Beyin ölümü bitkisel hayattan farklıdır
Beyin ölümü kavramının daha iyi anlatılması gerektiğini belirten Dr. Eyüp Kahveci “Geçen yıl 1.478 beyin ölümü tespit edilmiş ve ailelerin izni ile sadece 345 organ bağışı alınabilmiştir. Bu oran tespit edilen beyin ölümü sayısına göre oldukça düşük kalmaktadır. Bunun için hastanelerin yoğun bakım ünitelerinde meydana gelen beyin ölümlerinin zamanında tespit edilmesi önemlidir. Ardından ölen kişinin ailesinin beyin ölümü ve organ bağışı konusundaki farkındalığı en çok sıkıntı çektiğimiz konulardan bir tanesidir. Sıklıkla bitkisel hayat kavramıyla karıştırılan beyin ölümü, kesindir ve geri dönüşü yoktur. Oysa bitkisel hayatta, yaşam bir şekilde devam etmektedir. Ancak beyin ölümü olursa organ naklinden bahsedilebilir. Dolayısıyla beyin ölümünden organ nakline kadar olan süreçte toplumsal farkındalık için ciddi bir bilgilendirme gereklidir” diyerek toplumun her katmanında, sağlık camiası ve sağlık çalışanları da dahil olmak üzere beyin ölümüyle ve organ nakliyle ilgili bir eğitim seferberliğine ihtiyaç bulunduğunu ifade etti.

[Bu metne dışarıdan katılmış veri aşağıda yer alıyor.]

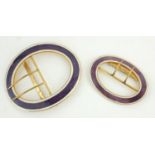 TWO EARLY 20TH CENTURY YELLOW METAL AND ENAMEL OVAL BUCKLES With purple enamel decoration. (larger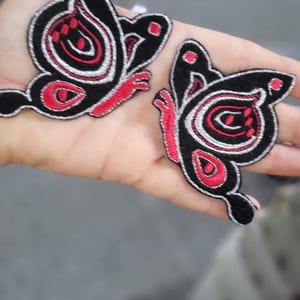 May include: Two embroidered butterfly patches featuring a black base with vibrant red and silver thread detailing. The butterfly designs have intricate patterns on the wings, including red accents and silver outlines, creating a distinct contrast.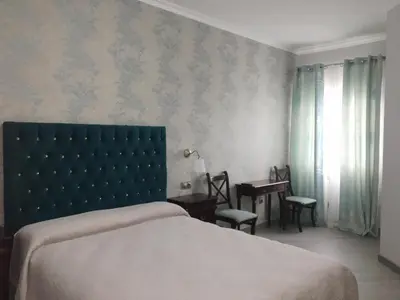Cama o camas de una habitación en La Morona Hotel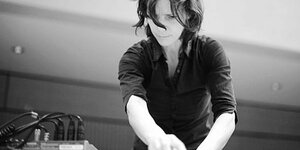 Schwarz-Weiß-Aufnahme der Echtzeitmusikerin Andrea Neumann. Sie steht an einem Mischpult und dreht an Knöpfen. Ihre Haaren fallen über ihre Stirn und sie trägt ein dunkles Hemd mit hochgekrempelten Ärmeln.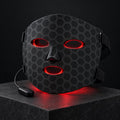The Mog Mask: a black LED face mask with a grey hexagon pattern, glowing red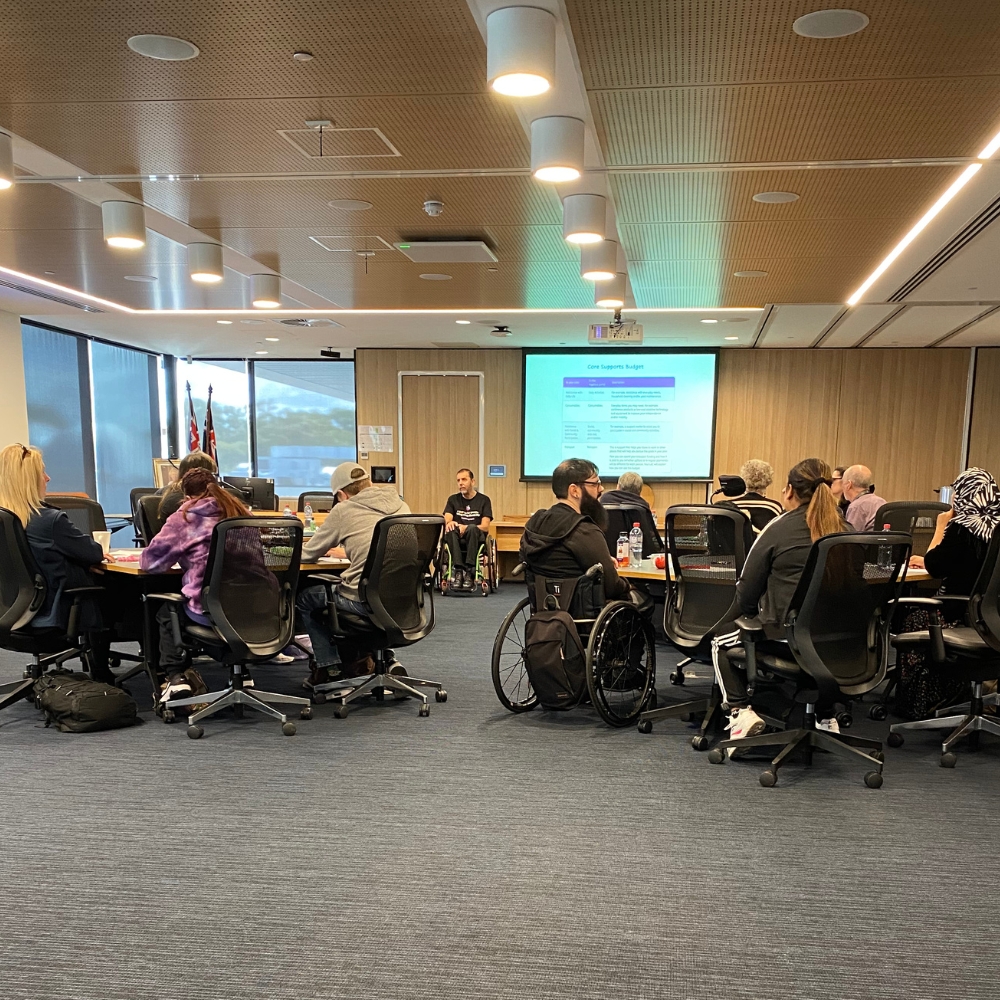 Large meeting room with tables of people and a large presentation screen in the distance.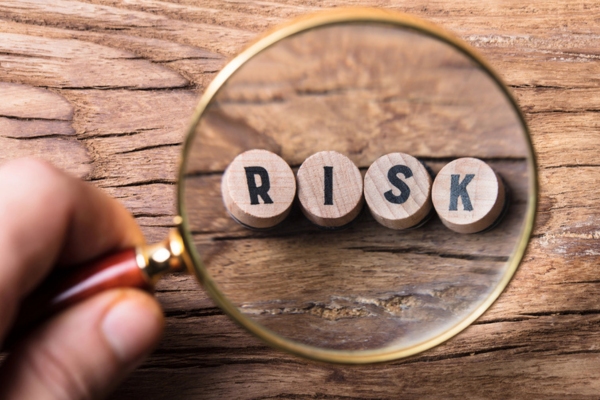 risk spelled using round wooden blocks magnified depicting risks of old air conditioner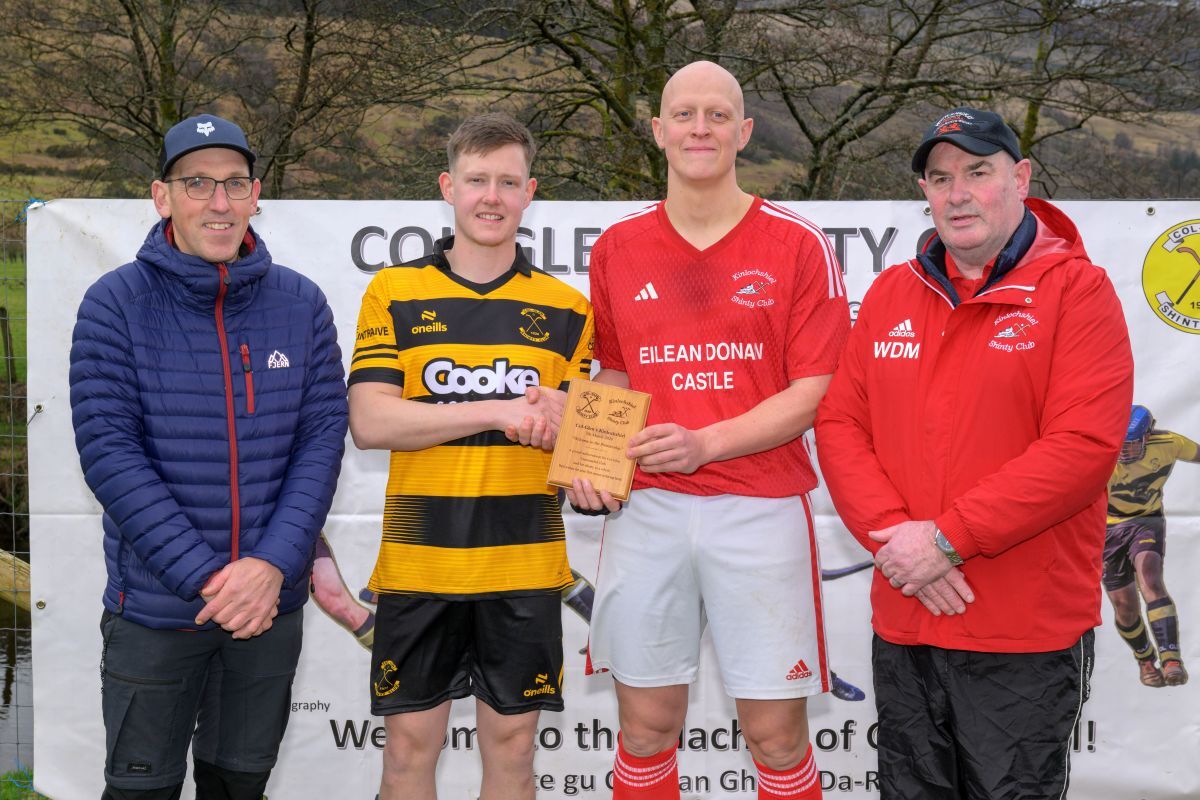 Col Glen were presented with a plaque by Kinlochshiel Shinty Club, before the match. Photograph: Neil G Paterson.
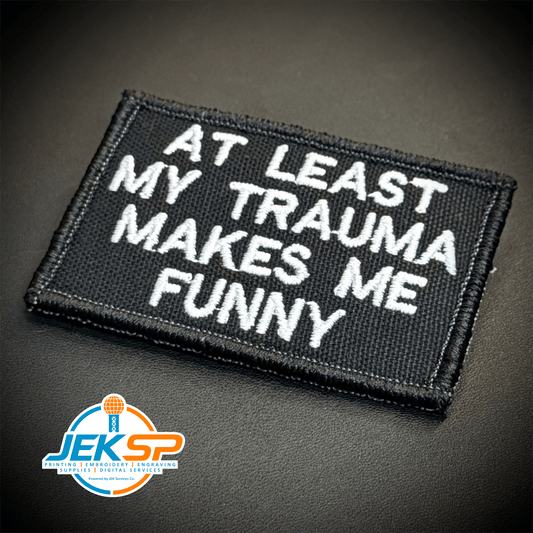 Front view of At Least My Trauma Makes Me Funny patch in black with white lettering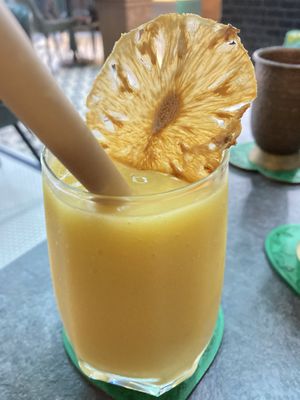 Mango juice with a tasty pineapple crisp  at The Vegan Table in Bangkok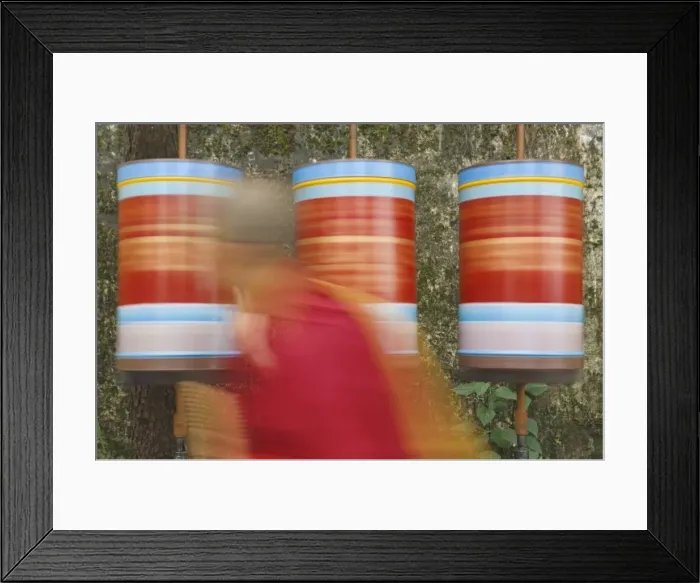 Framed Print : Buddhist monk passing prayer wheels Framed Print : Buddhist monk passing prayer wheels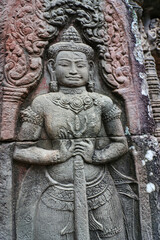 Fototapeta na wymiar A Divine Door Guardian at Banteay Kdei, Buddhist monastic temple at Siem Reap, Cambodia, Asia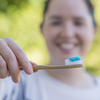 Photo of a woman with a bamboo toothbrush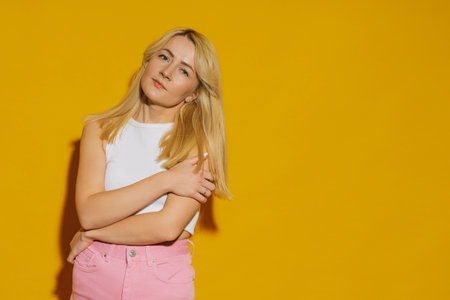 The model poses in the studio on a yellow background. A young woman in a white top and pink jeansの写真素材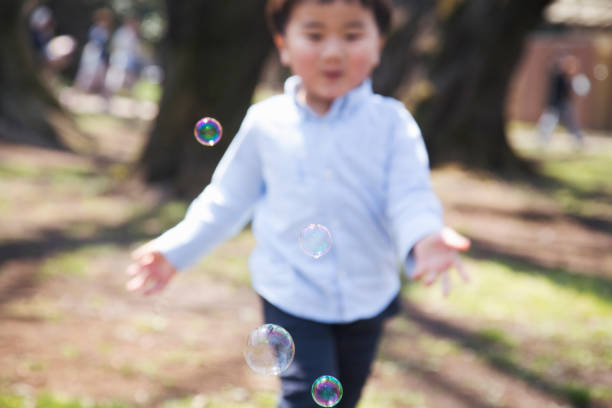 Boy chasing after soap bubbles.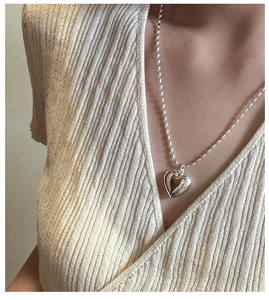 Close-up of a silver hollow heart pendant necklace worn on a beige striped sweater
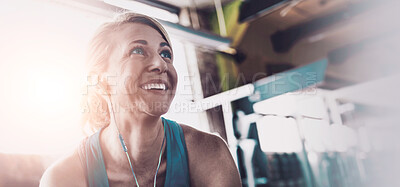 Buy stock photo Shot of a sporty woman taking a break between workouts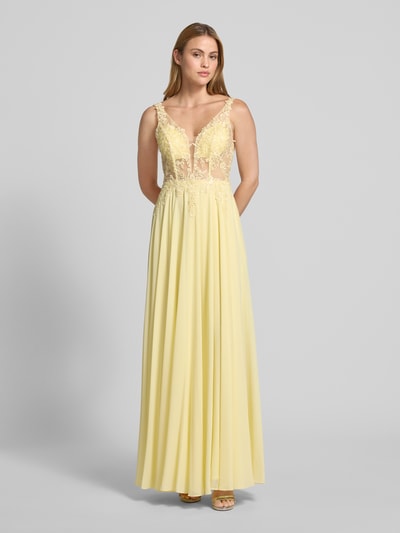 Frauenmodel trägt Abendkleid mit floralem Spitzenbesatz von Mascara, Tailliert, Paillettenbesatz, Semitransparent, V-Ausschnitt, Ganzkörperansicht von vorne.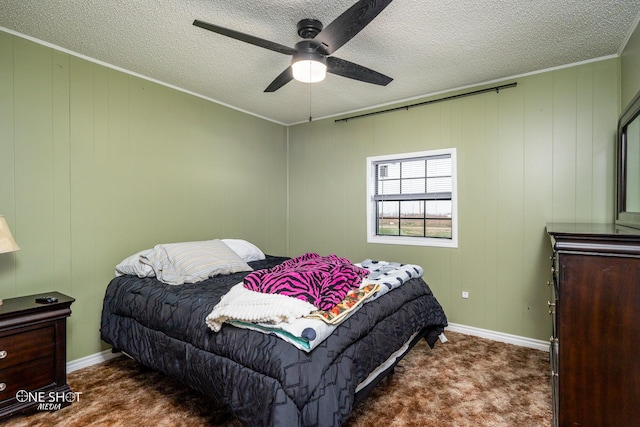 bedroom featuring crown molding, ceiling fan, a textured ceiling, and dark colored carpet
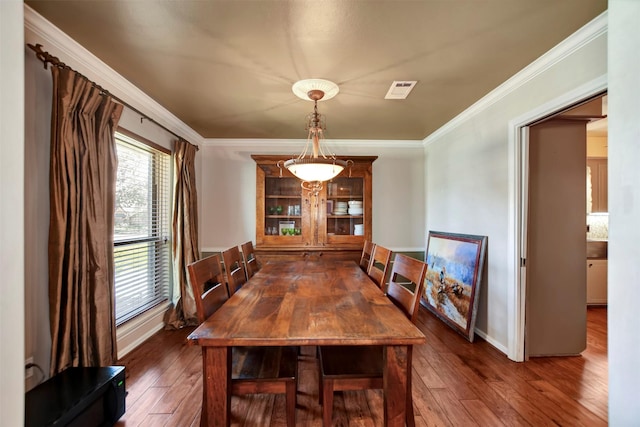 dining room with visible vents, crown molding, baseboards, and hardwood / wood-style flooring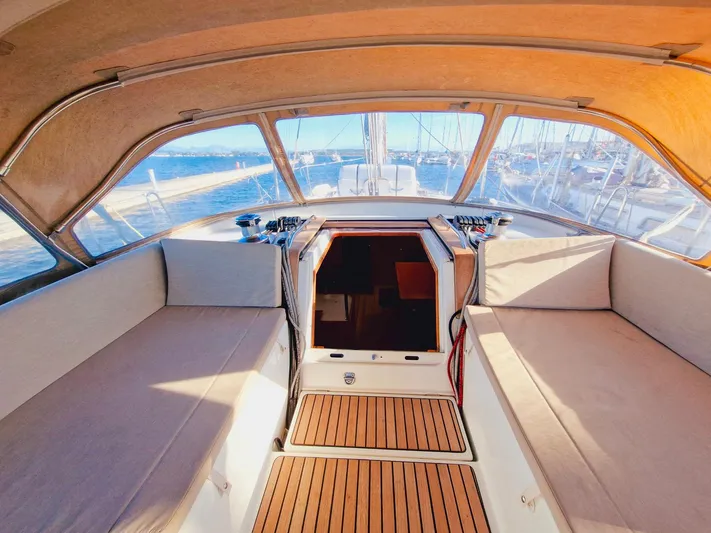  Yacht Photos Pics 2015 Jeanneau 53 yacht cockpit with cushioned seating and wooden flooring.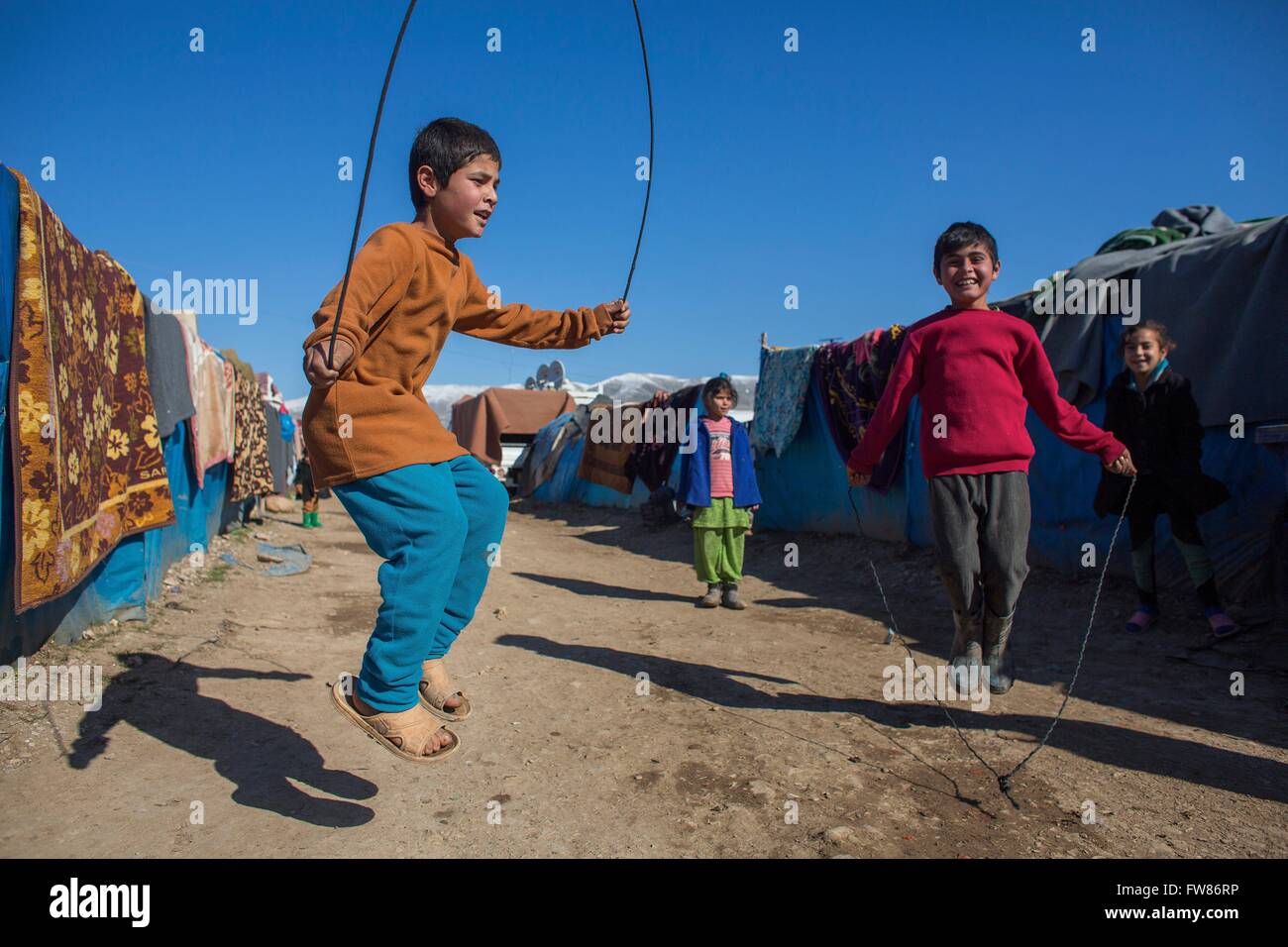 children jumping rope in a refugee camp in Northern Iraq Stock Photo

İspanya’da bağış oranı yüzde 85, Türkiye’de yüzde 22
Prof. Dr. Sadık Ersöz ise, ülkemizde organ nakli listelerinde bekleyen on binlerce hastaya yaşama şansı verebilmek için ölüden, yani kadavradan nakil oranlarının artırılması gerektiğini söyledi. Ülkemizde ölüden temin edilebilecek organ kaynakları açısından, oldukça yaygın bir yoğun bakım hizmet ağına sahip olmamıza rağmen yeterli sayıda potansiyel organ vericisine ulaşamadığımızı ifade eden Prof. Dr. Sadık Ersöz “Ölüden organ temin sistemimiz ne yazık ki AB ortalamasına göre 7-8 kat geriden seyretmektedir. Beyin ölümü tanısı konulmadan ve organların kullanılması için aile ile görüşülmeden kaybedilen her vaka toprağa gömülen sadece bir kayıp değil beraberinde kaybedilen 5-6 hayat demektir. Burada yoğun bakım hekimlerine ve ailelere önemli bir tıbbi ve vicdani sorumluluk düşmektedir. Bu sorumluluk ancak beyin ölümü süreçlerine ilişkin farkındalıkla mümkündür. 2011 yılı sonu itibariyle beyin ölümü tespiti yapılan 1292 vakanın ailesi ile de görüşülmesine rağmen, yalnızca yüzde 26 oranında bir bağış alınmıştır. 2013 itibariyle bu oran yüzde 22 seviyesindedir. 2002 yılında yüzde 70 seviyesinde olan aile bağış oranı son 10 yılda maalesef bu rakamlara inmiştir. Ölüden, yani kadavradan organ temininde dünyada model ülke olan İspanya’da bağış oranı 2011 yılı için yüzde 85’tir, yani ailelerin sadece yüzde 15’i ölen yakınlarının organlarını bağışlamamışlardır. Organ bağışı konusunda, toplumsal farkındalığı artırmak için yanlış algılamalar ve önyargıların düzeltilmesine yönelik ulusal bir kampanyanın yürütülmesi gerekliliği önümüzde durmaktadır” diye konuştu.